[INFORMATION SUPPLIED]:
______

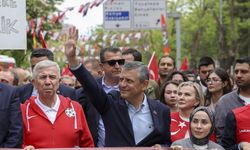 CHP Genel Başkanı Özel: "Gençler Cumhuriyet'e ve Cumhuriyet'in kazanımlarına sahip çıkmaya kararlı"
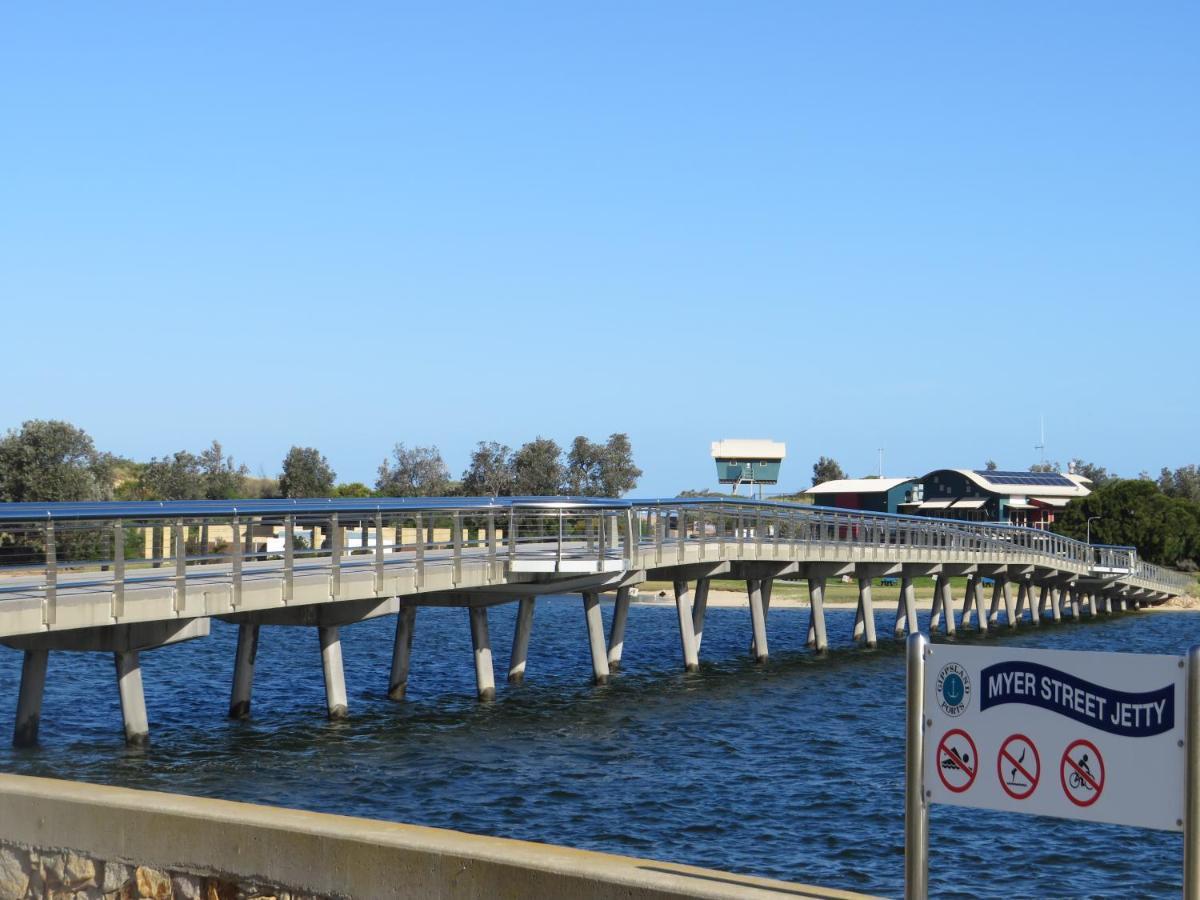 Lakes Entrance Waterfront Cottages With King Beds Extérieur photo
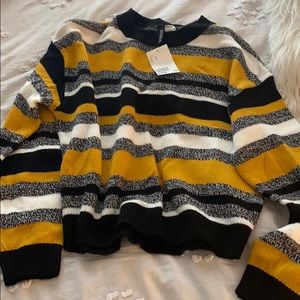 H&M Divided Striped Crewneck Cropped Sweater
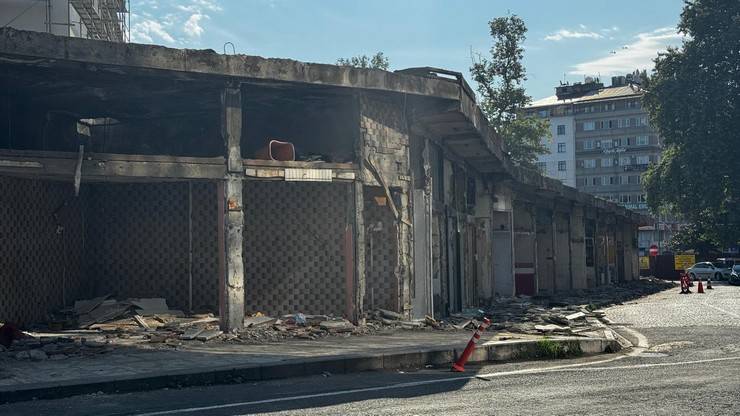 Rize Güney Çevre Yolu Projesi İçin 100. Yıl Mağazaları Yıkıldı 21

______

[EXERCISE]: From the line containing "H&M Divided Striped Crewneck Cropped Sweater" down to the end of the listing above, every line is to be returned exactly, though the pictures are not.

[SOLVED EXERCISE]:
 H&M Divided Striped Crewneck Cropped Sweater
 Rize Güney Çevre Yolu Projesi İçin 100. Yıl Mağazaları Yıkıldı 21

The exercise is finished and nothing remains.